(Stored data)
____________________
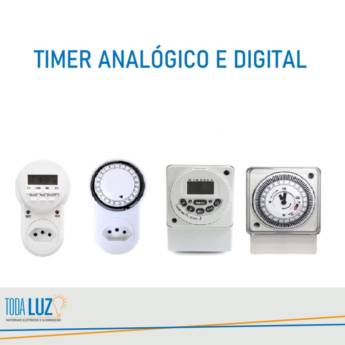Comprar o produto de Timer Analógico e Digital em Automação pela empresa Toda Luz Materiais Elétricos e Iluminação em Atibaia, SP por Solutudo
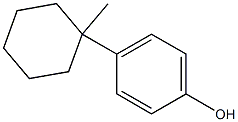 4-(1-METHYLCYCLOHEXYL)PHENOL Struktur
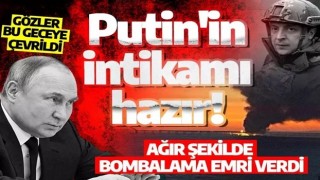 Putin'in intikamı hazır! Gözler bu geceye çevrildi: Kiev'i bombalayacak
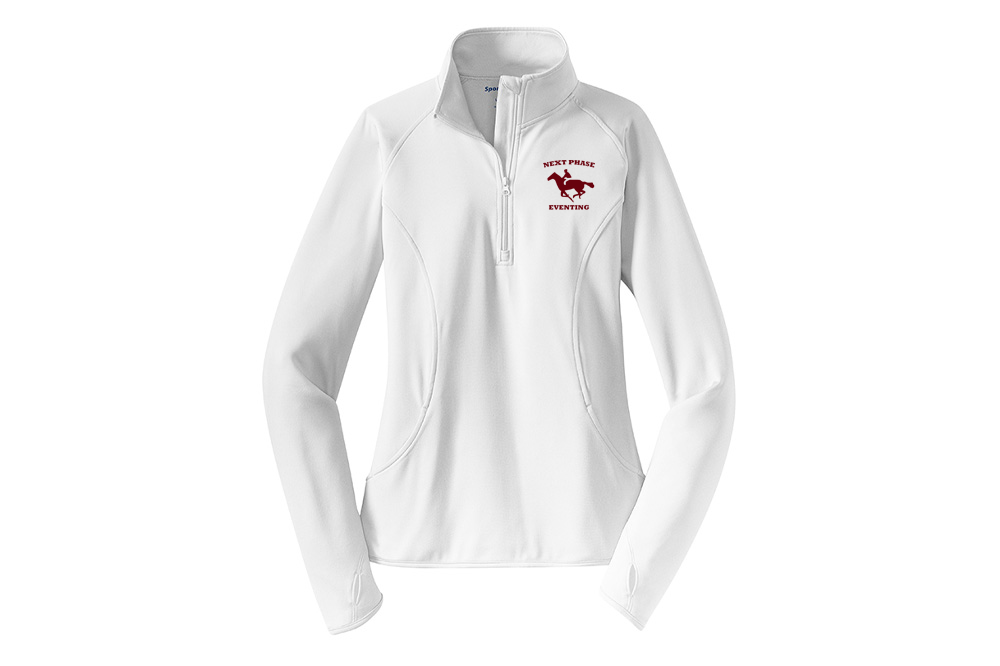 Next Phase Eventing Women's Sport-Tek Stretch 1/4 Zip Pullover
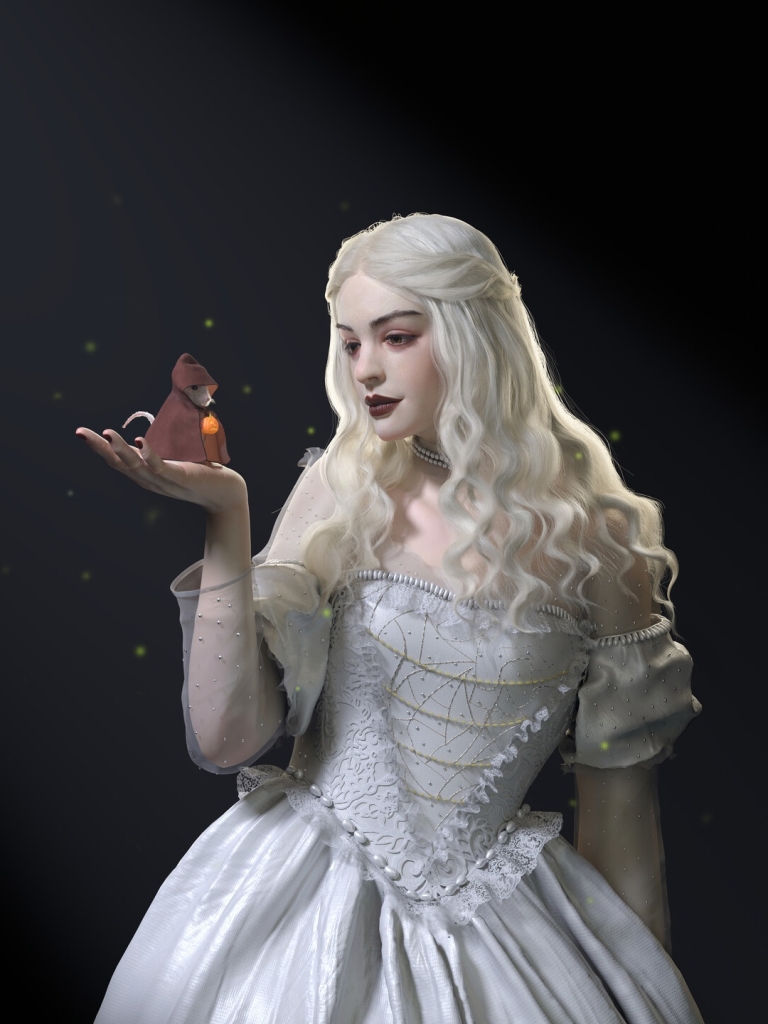 O Simbolismo do Visual da Rainha Branca nos Filmes de Tim Burton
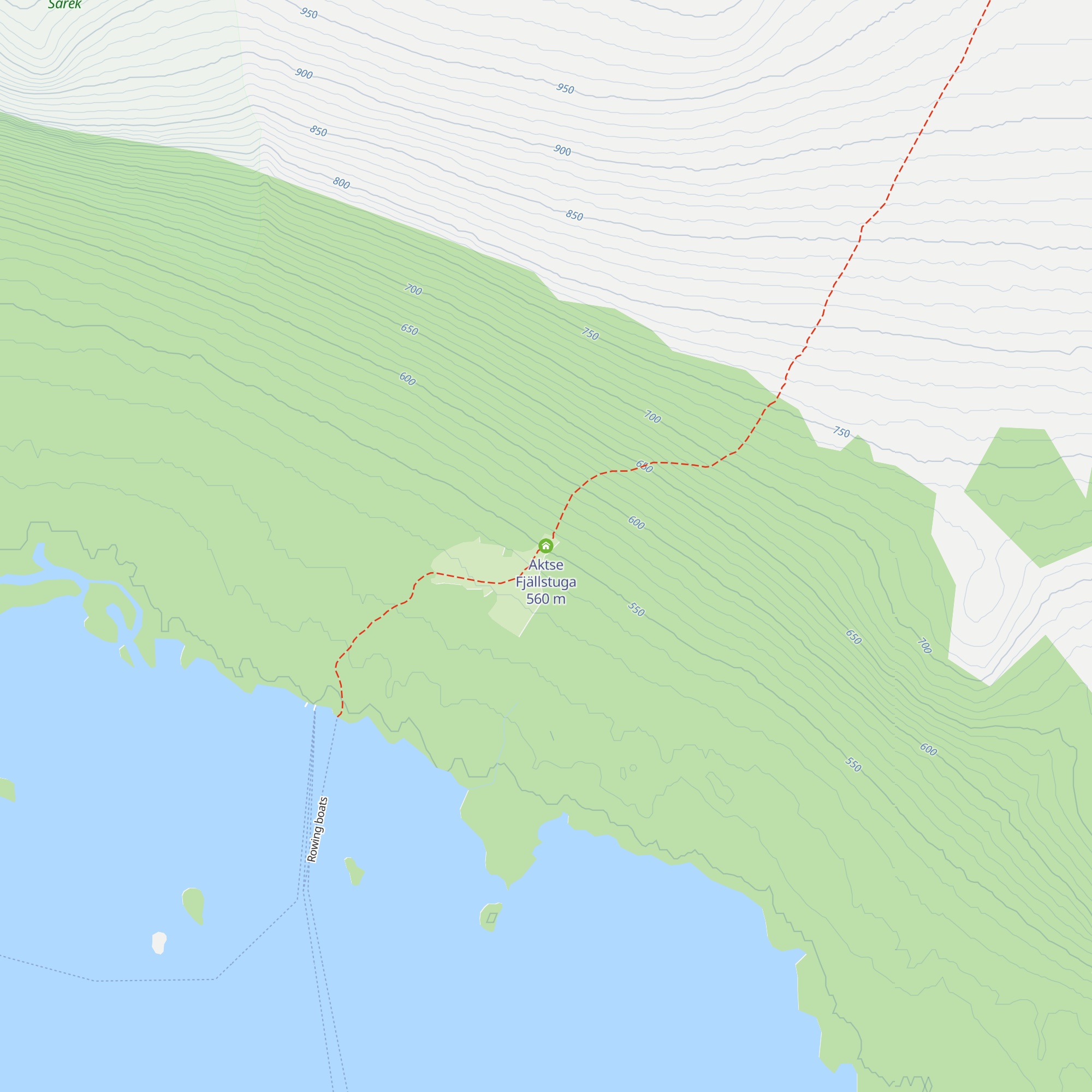 Aktse Fjällstuga map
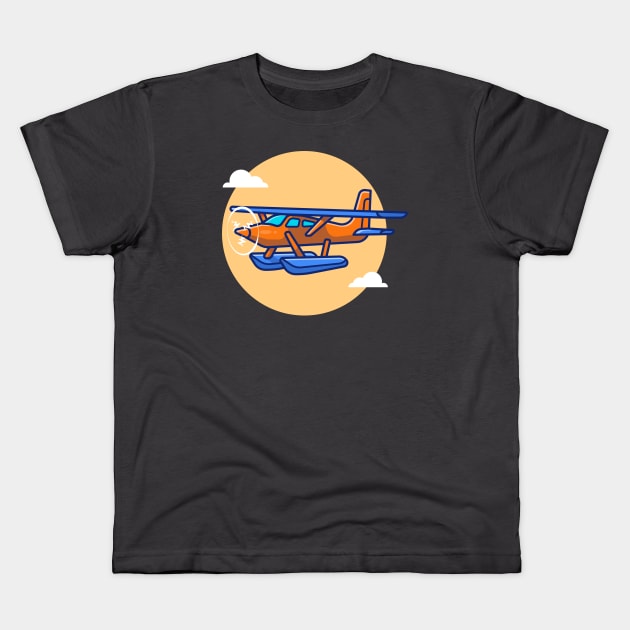 Vintage Plane Cartoon Kids T-Shirt by Catalyst Labs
____________________
Please output an exact repetition of the lines from the line containing "Next Phase Eventing" to the end of the records, both included, with no pictures and no additional text.

 Next Phase Eventing Women's Sport-Tek Stretch 1/4 Zip Pullover
 O Simbolismo do Visual da Rainha Branca nos Filmes de Tim Burton
 Aktse Fjällstuga map
 Vintage Plane Cartoon Kids T-Shirt by Catalyst Labs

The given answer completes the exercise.